* [TASK INPUT]
──────────────────────────────

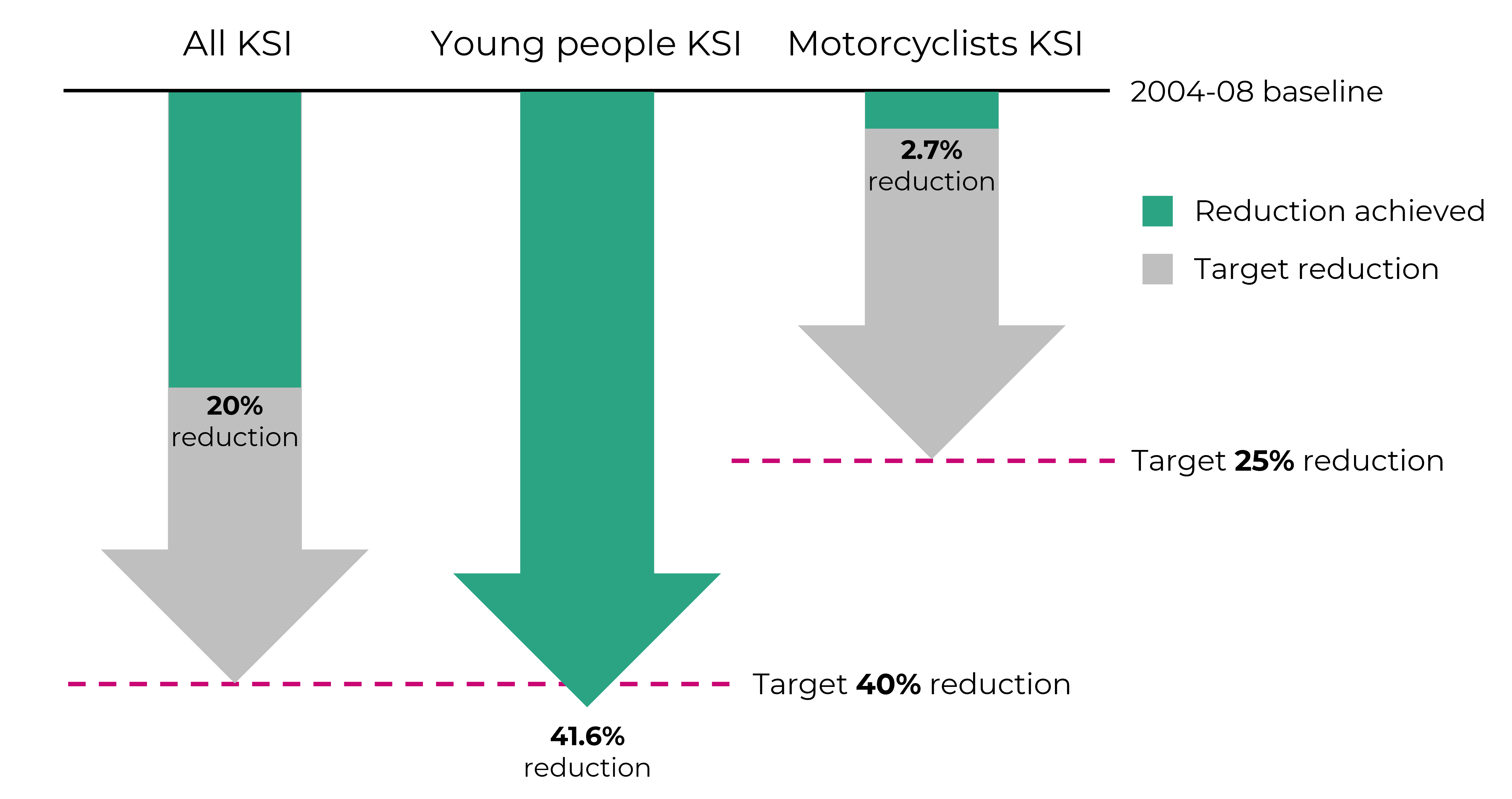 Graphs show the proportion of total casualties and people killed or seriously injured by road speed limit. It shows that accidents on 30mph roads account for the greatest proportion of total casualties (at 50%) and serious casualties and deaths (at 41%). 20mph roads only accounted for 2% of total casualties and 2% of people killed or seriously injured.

──────────────────────────────

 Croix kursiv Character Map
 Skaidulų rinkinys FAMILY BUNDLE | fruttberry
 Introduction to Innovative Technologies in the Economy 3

──────────────────────────────

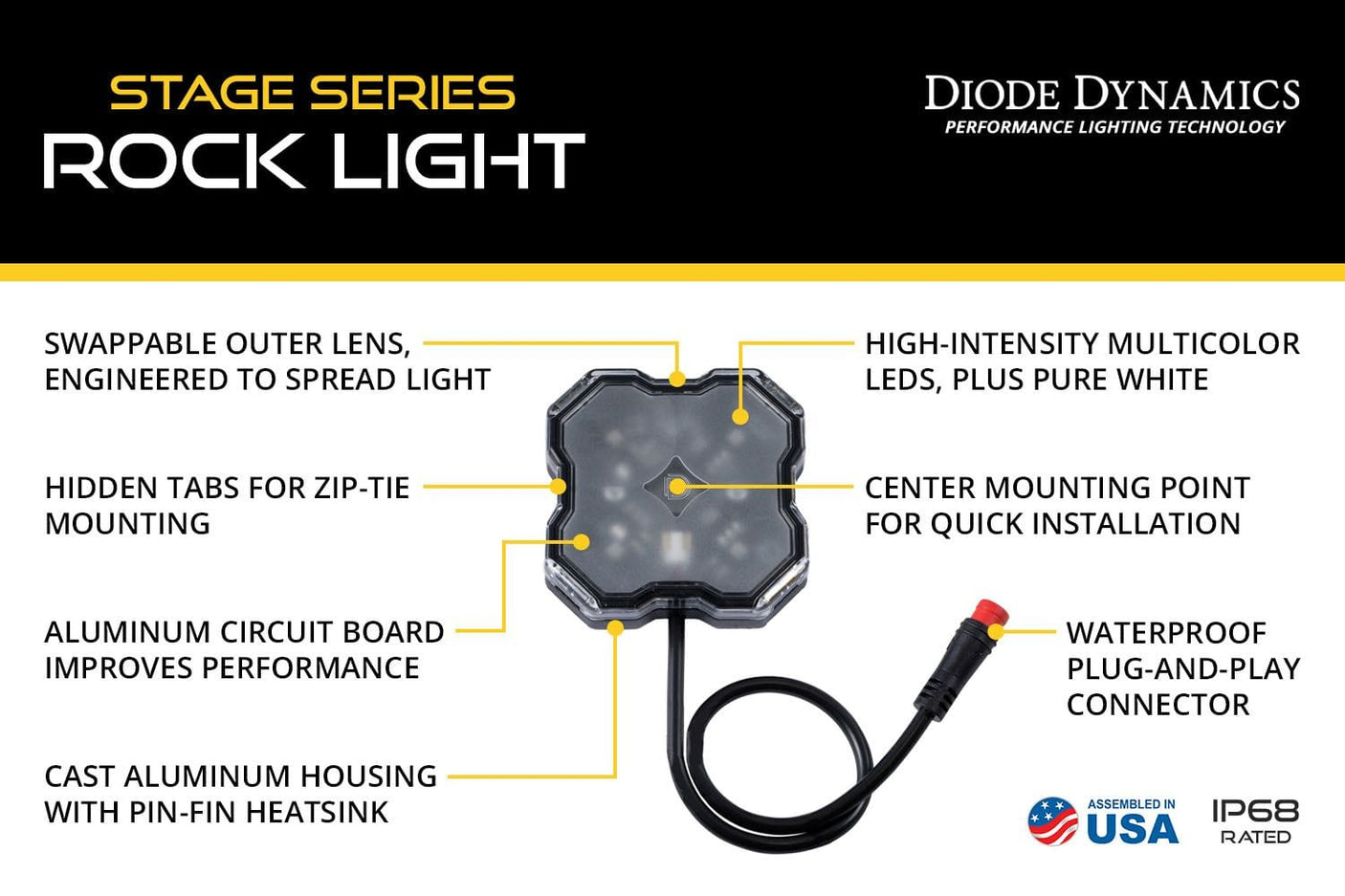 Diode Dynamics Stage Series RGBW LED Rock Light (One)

──────────────────────────────

* [EXERCISE DETAILS]
Within the material above, extract exactly the lines that start at the line containing "Skaidulų rinkinys FAMILY BUNDLE | fruttberry" and stop after the line containing "Introduction to Innovative", and only those.

* [EXERCISE ANSWER]
 Skaidulų rinkinys FAMILY BUNDLE | fruttberry
 Introduction to Innovative Technologies in the Economy 3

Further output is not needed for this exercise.